*REQUIRED WORK*: Pictures aside, reproduce exactly and only the lines from the one containing "TIME WARP ACTIVATION SIGNAL PROVIDER, AUDIO" through the end of the records.

(Stored entries)
============
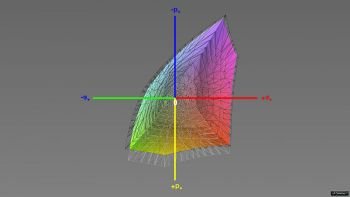 Abdeckung des sRGB-Farbraums, 3D-Schnitt 1
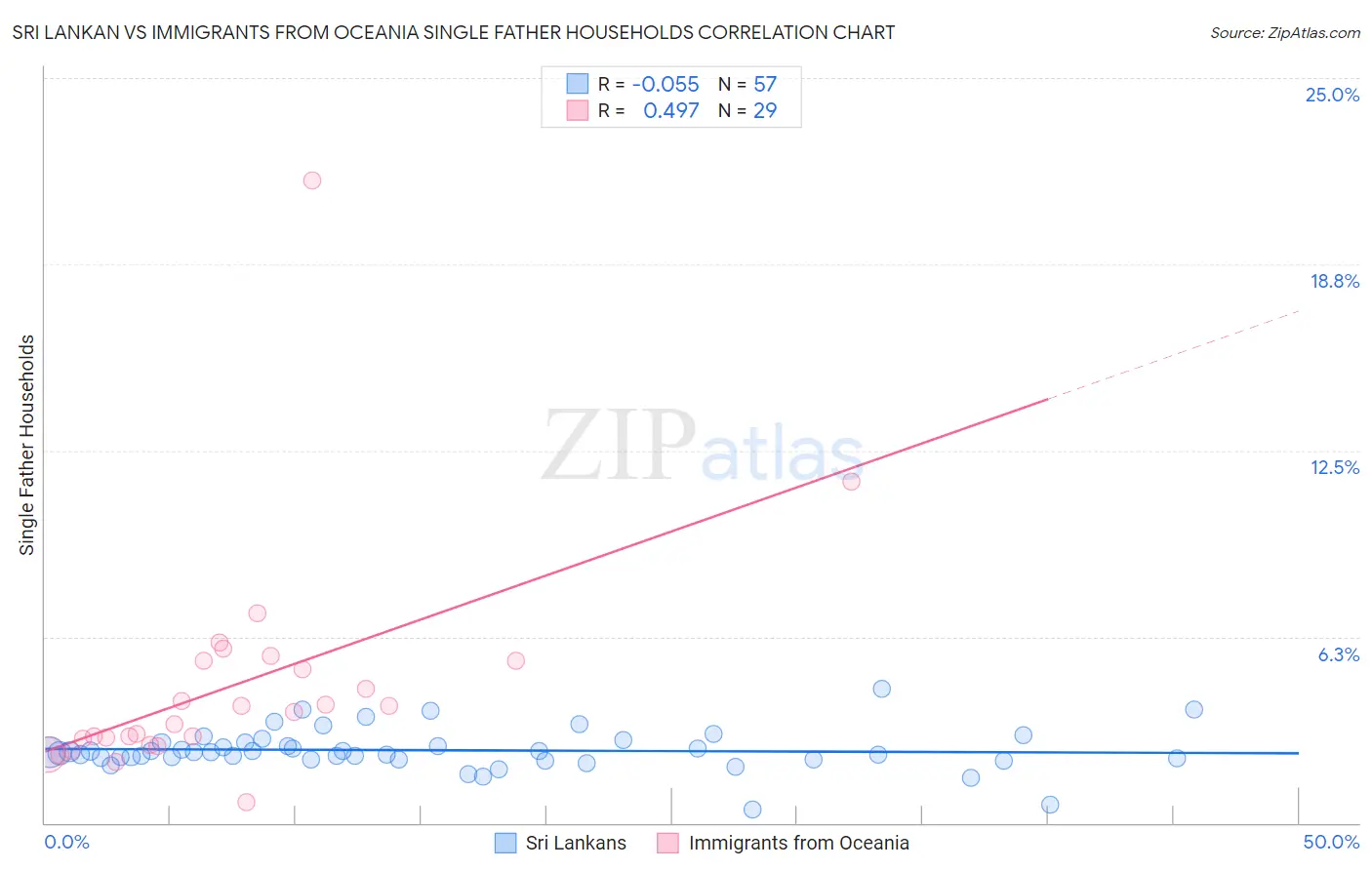 Sri Lankan vs Immigrants from Oceania Single Father Households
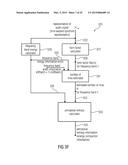 TIME WARP ACTIVATION SIGNAL PROVIDER, AUDIO SIGNAL ENCODER, METHOD FOR     PROVIDING A TIME WARP ACTIVATION SIGNAL, METHOD FOR ENCODING AN AUDIO     SIGNAL AND COMPUTER PROGRAMS diagram and image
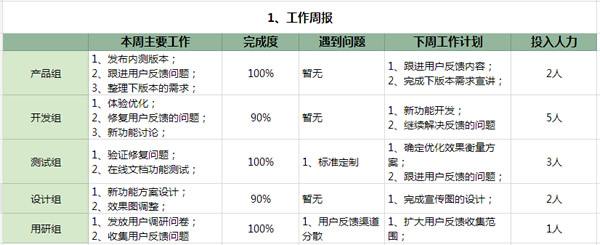 tim在线是什么意思 tim电脑在线是啥
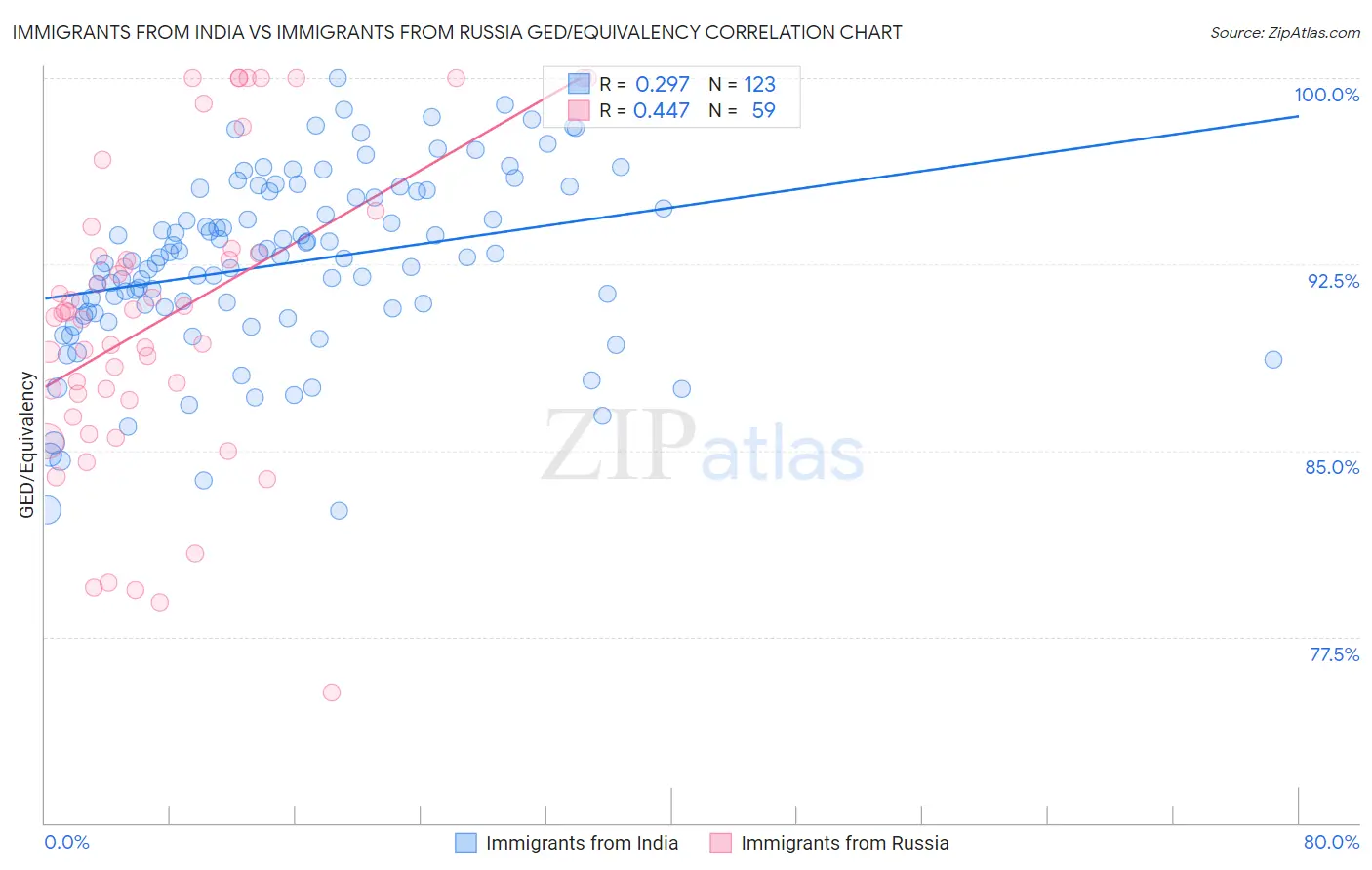 Immigrants from India vs Immigrants from Russia GED/Equivalency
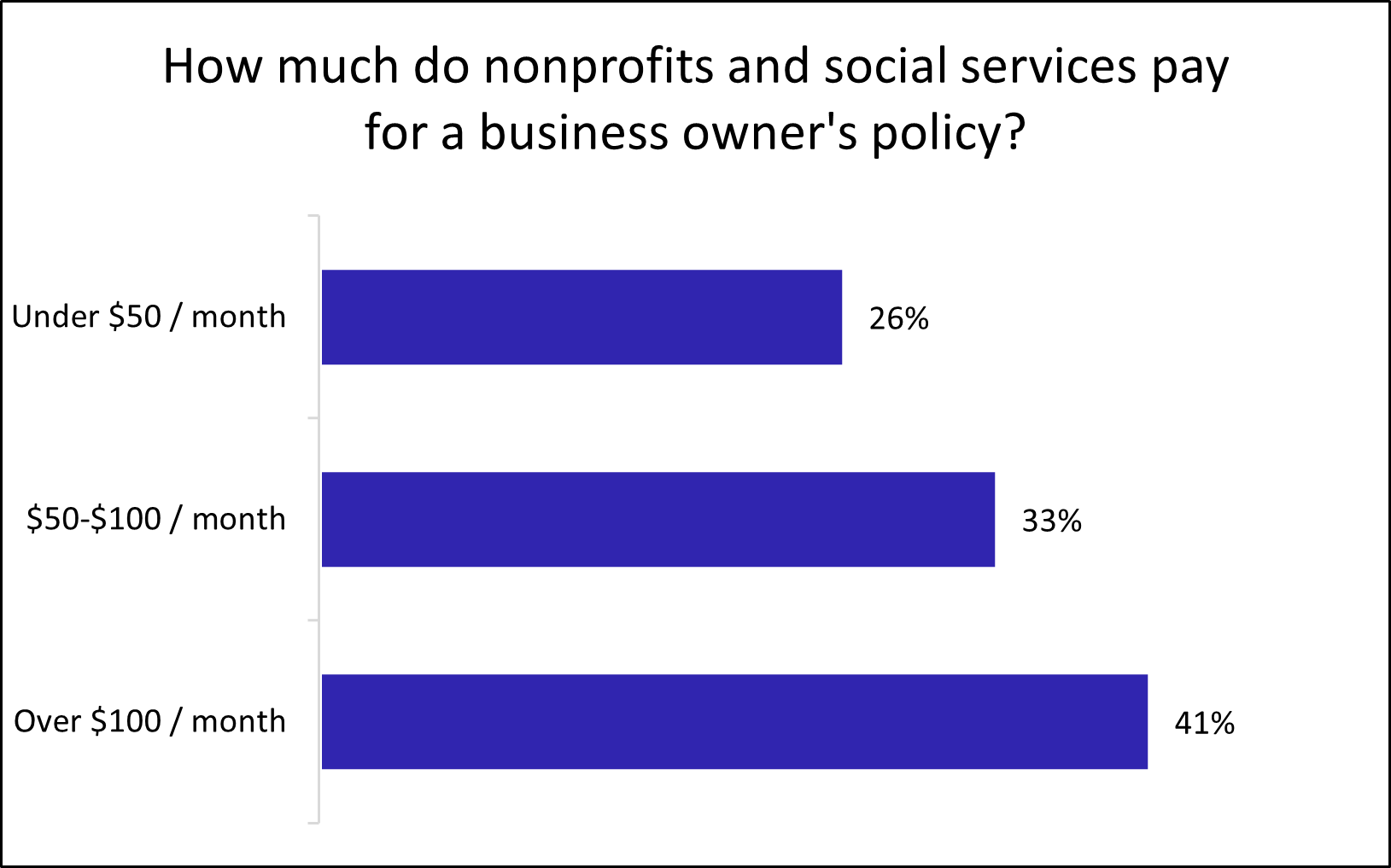 Chart: How much do nonprofits pay for a business owner's policy? Chart: How much do nonprofits pay for a business owner's policy?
============
*RESULT OF THIS EXERCISE*:
 TIME WARP ACTIVATION SIGNAL PROVIDER, AUDIO SIGNAL ENCODER, METHOD FOR     PROVIDING A TIME WARP ACTIVATION SIGNAL, METHOD FOR ENCODING AN AUDIO     SIGNAL AND COMPUTER PROGRAMS diagram and image
 tim在线是什么意思 tim电脑在线是啥
 Immigrants from India vs Immigrants from Russia GED/Equivalency
 Chart: How much do nonprofits pay for a business owner's policy? Chart: How much do nonprofits pay for a business owner's policy?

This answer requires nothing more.